» **DIRECTIONS FOR THIS TASK**
Leave out all pictures. Extract exactly the lines from the one containing "363-127 mit Os" through the end of the data.
········
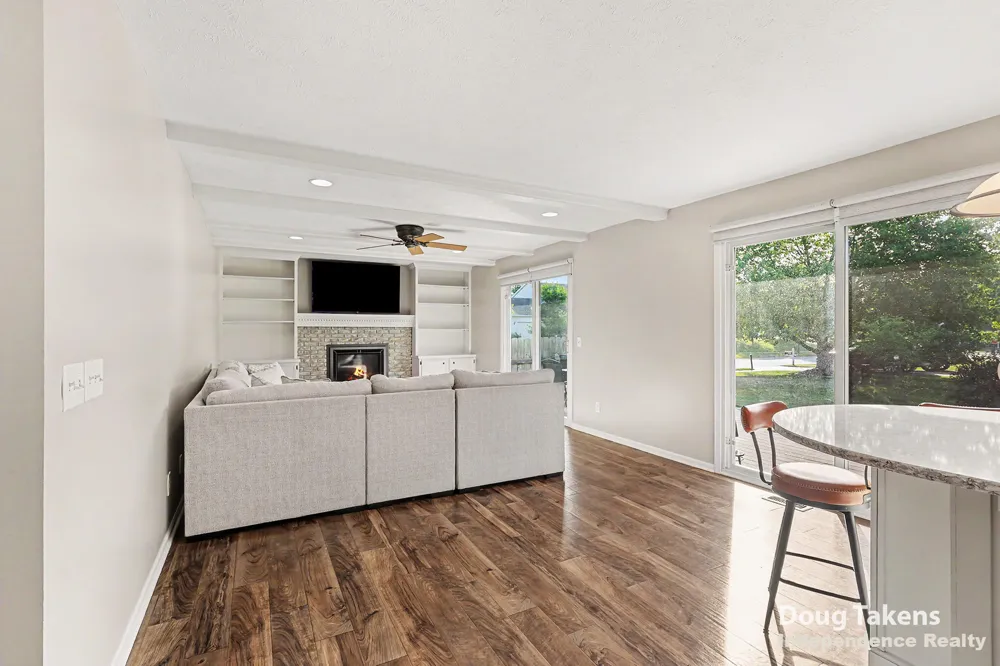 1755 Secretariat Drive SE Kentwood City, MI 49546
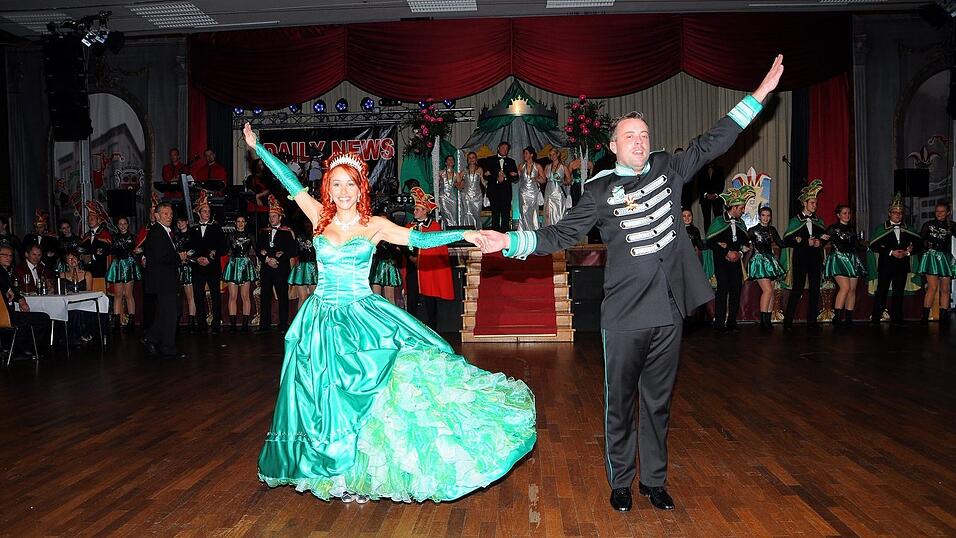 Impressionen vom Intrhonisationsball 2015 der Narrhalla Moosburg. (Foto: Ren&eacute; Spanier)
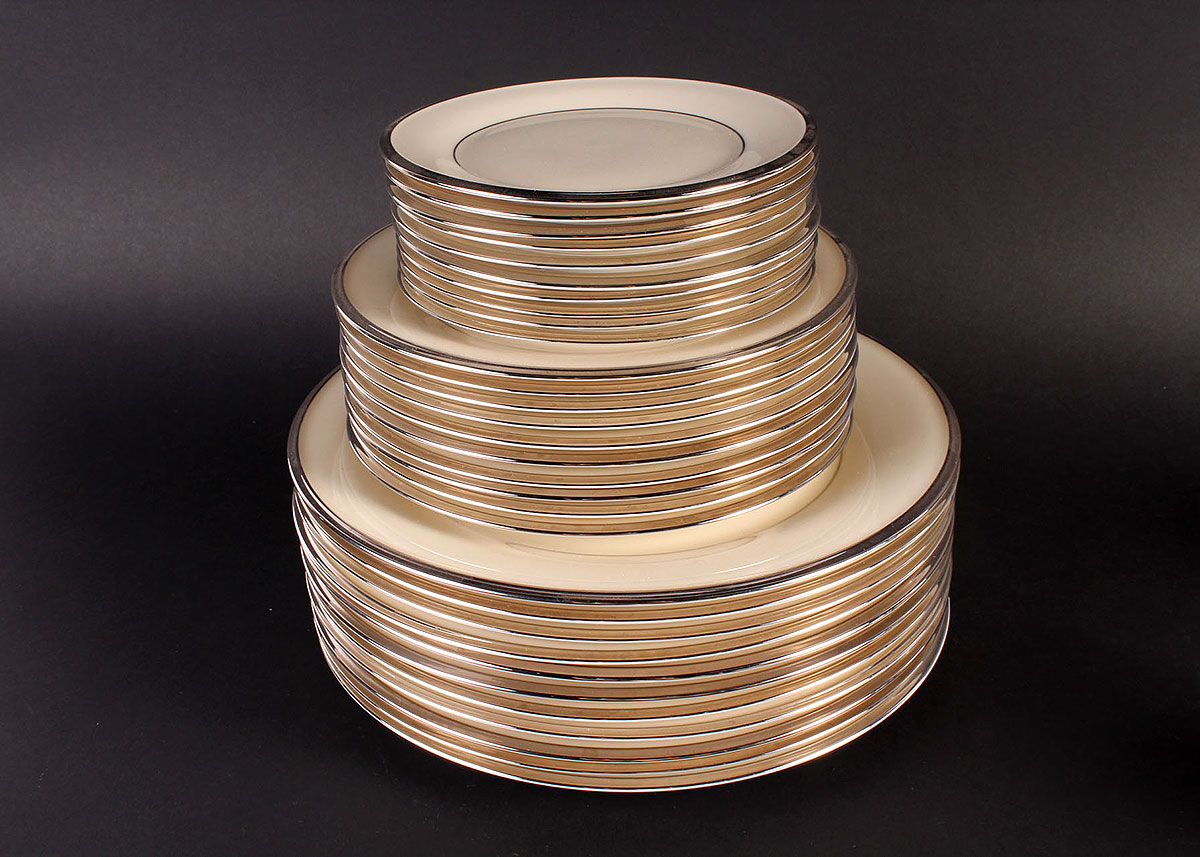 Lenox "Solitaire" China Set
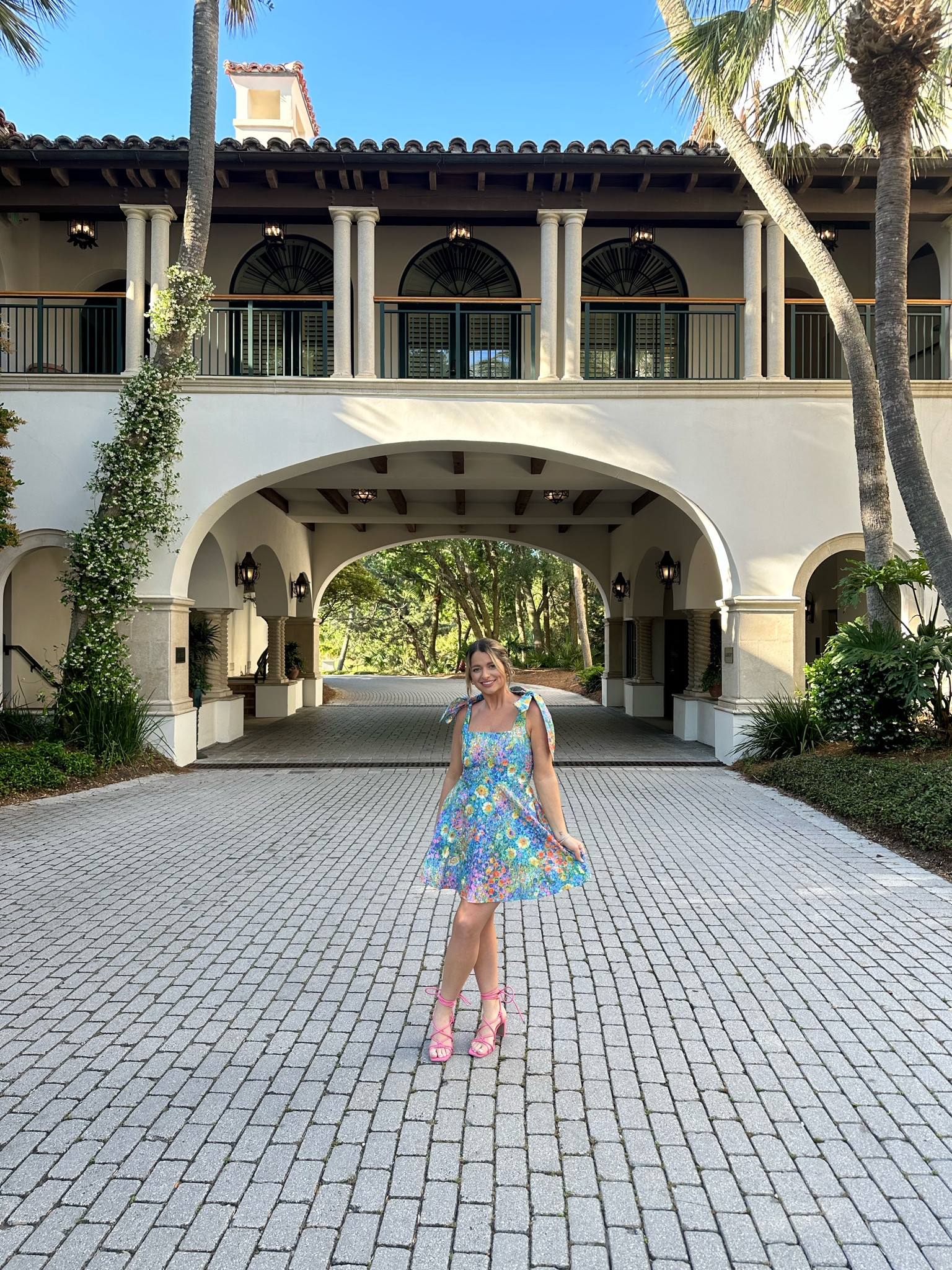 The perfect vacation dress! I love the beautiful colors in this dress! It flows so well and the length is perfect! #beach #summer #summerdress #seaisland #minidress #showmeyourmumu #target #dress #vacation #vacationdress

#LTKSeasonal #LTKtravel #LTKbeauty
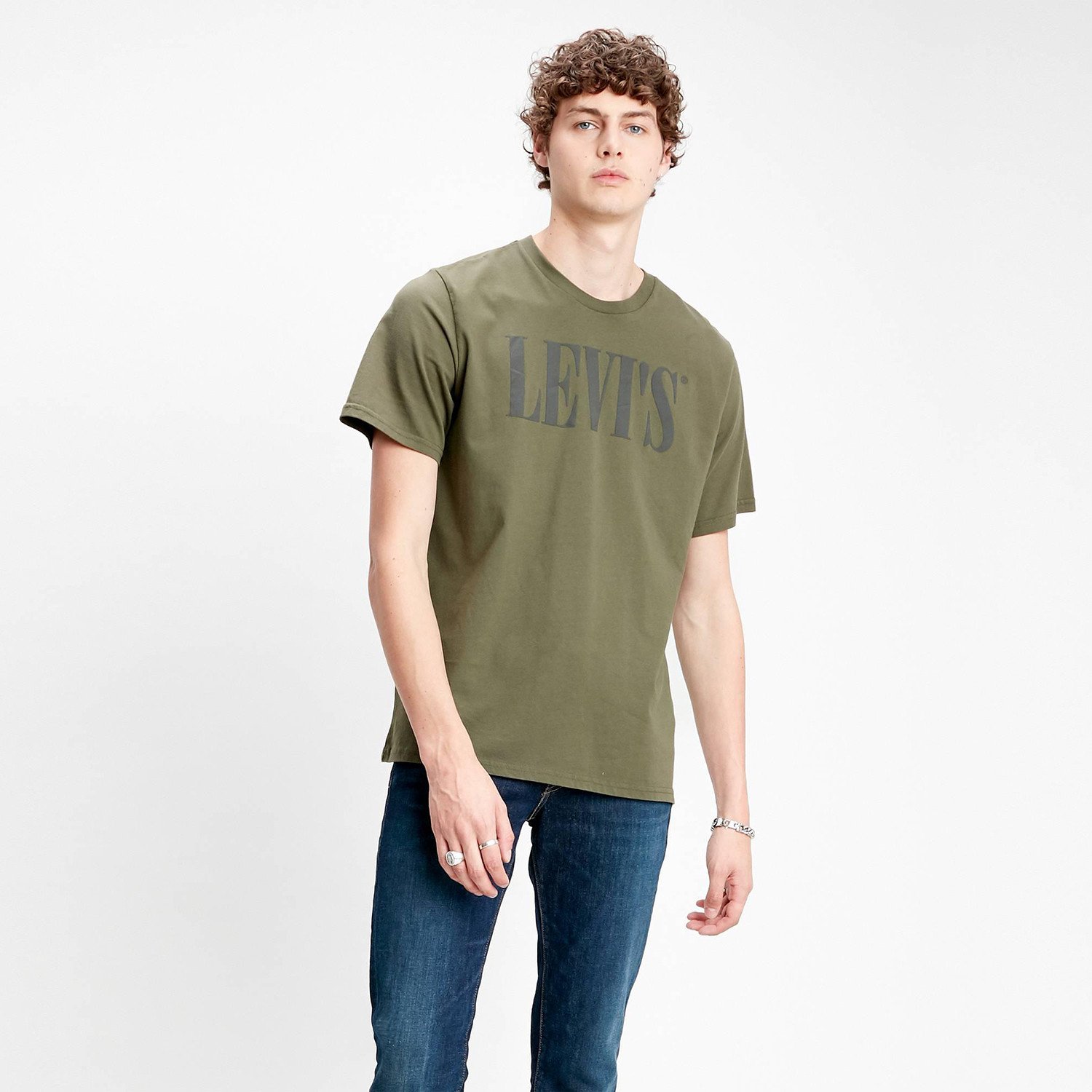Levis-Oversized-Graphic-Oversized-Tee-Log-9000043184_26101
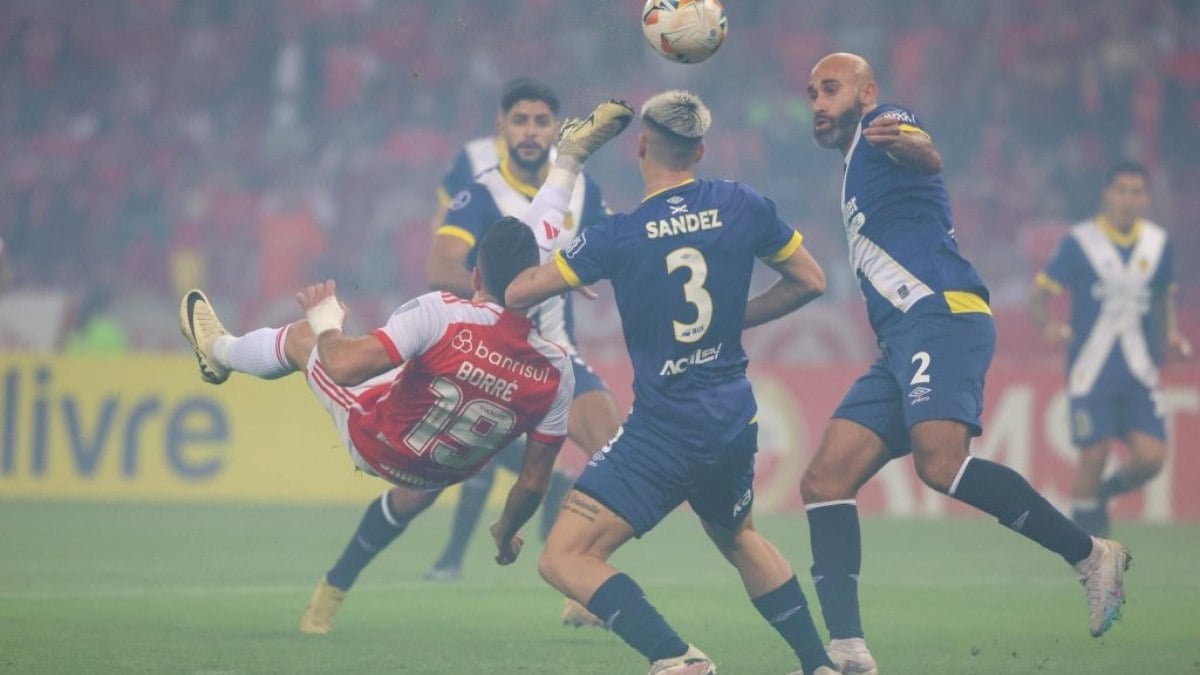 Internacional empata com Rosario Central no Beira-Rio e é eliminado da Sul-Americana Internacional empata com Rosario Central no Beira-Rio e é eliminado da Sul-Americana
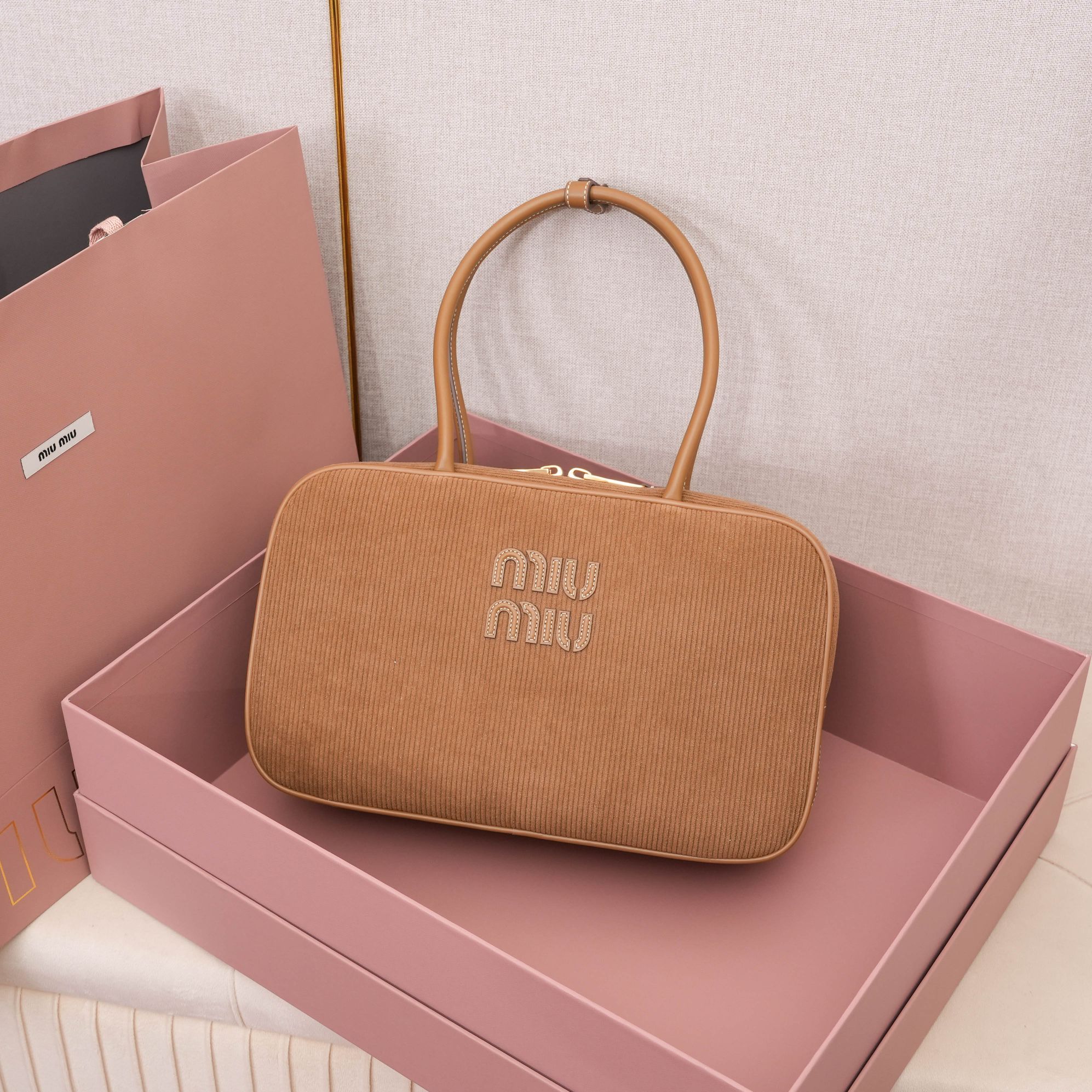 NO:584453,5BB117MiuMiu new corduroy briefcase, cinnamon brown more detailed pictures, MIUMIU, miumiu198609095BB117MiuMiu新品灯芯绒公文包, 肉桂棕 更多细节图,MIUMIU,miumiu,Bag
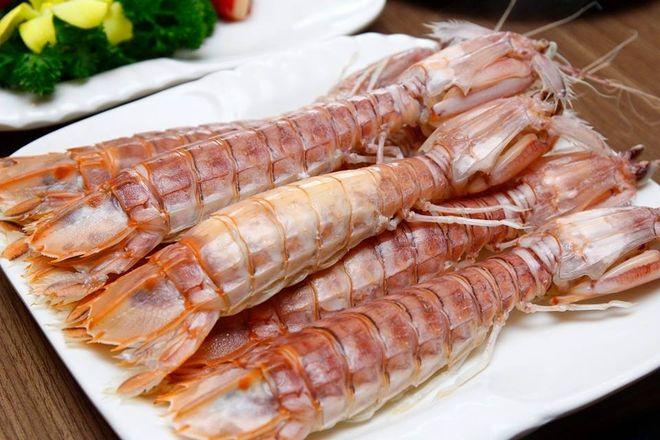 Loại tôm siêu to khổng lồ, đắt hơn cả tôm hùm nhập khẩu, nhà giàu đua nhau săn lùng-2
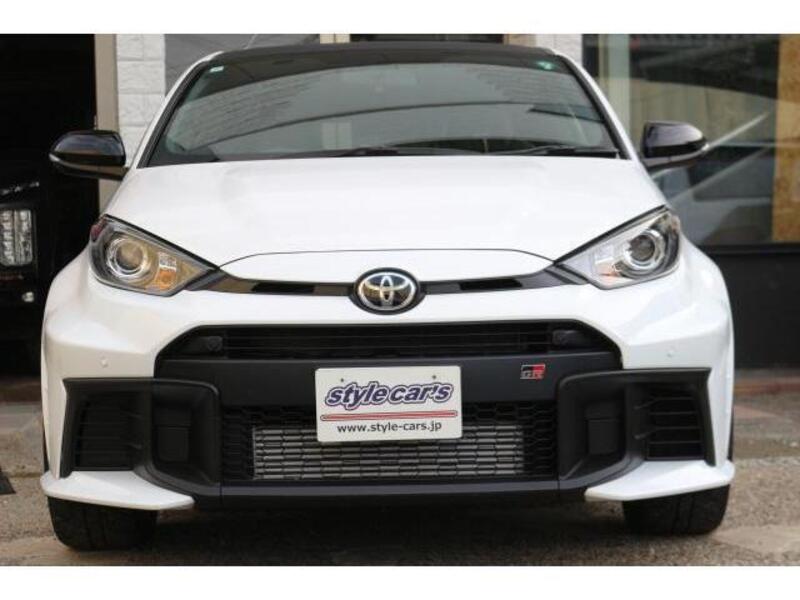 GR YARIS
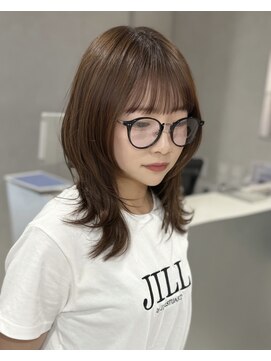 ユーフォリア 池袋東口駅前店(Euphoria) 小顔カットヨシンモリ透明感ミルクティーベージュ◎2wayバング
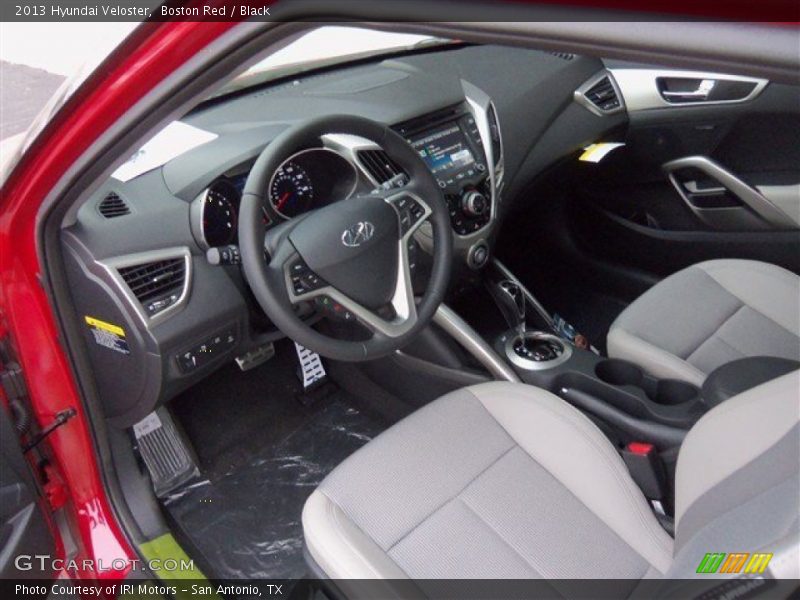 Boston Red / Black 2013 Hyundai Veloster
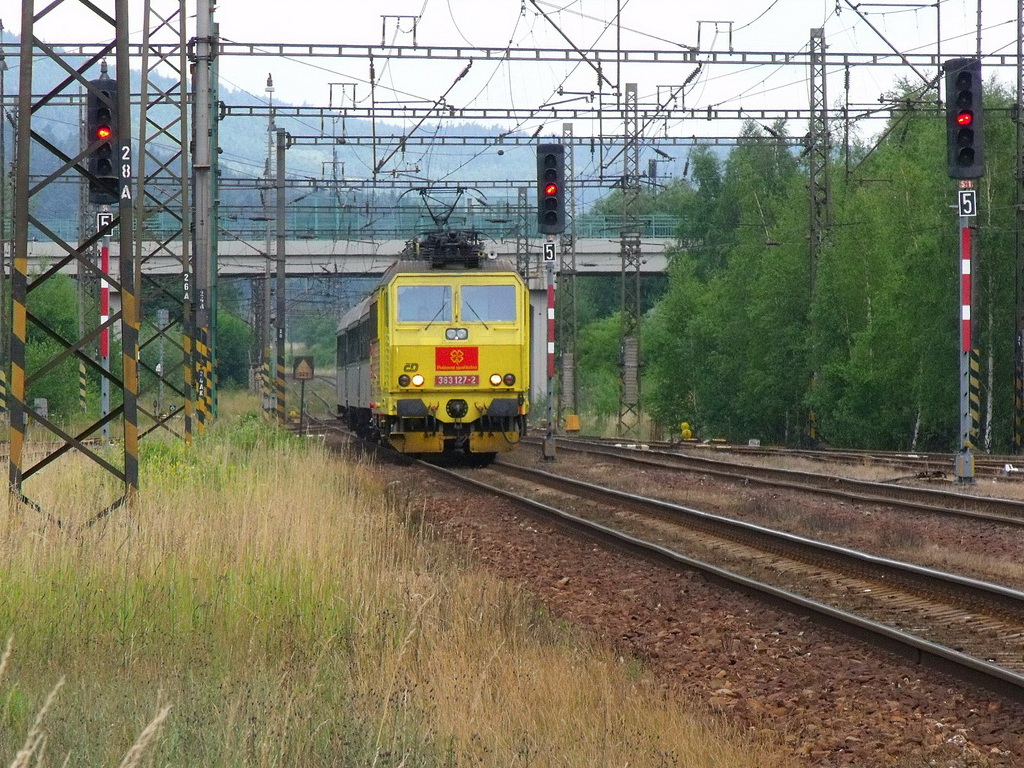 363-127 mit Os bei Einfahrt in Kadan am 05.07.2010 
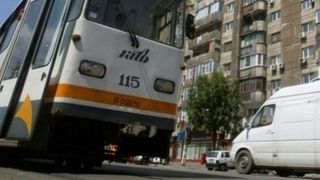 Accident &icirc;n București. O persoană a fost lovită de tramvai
········
» **OUTPUT OF THE EXERCISE**
 363-127 mit Os bei Einfahrt in Kadan am 05.07.2010 
 Accident &icirc;n București. O persoană a fost lovită de tramvai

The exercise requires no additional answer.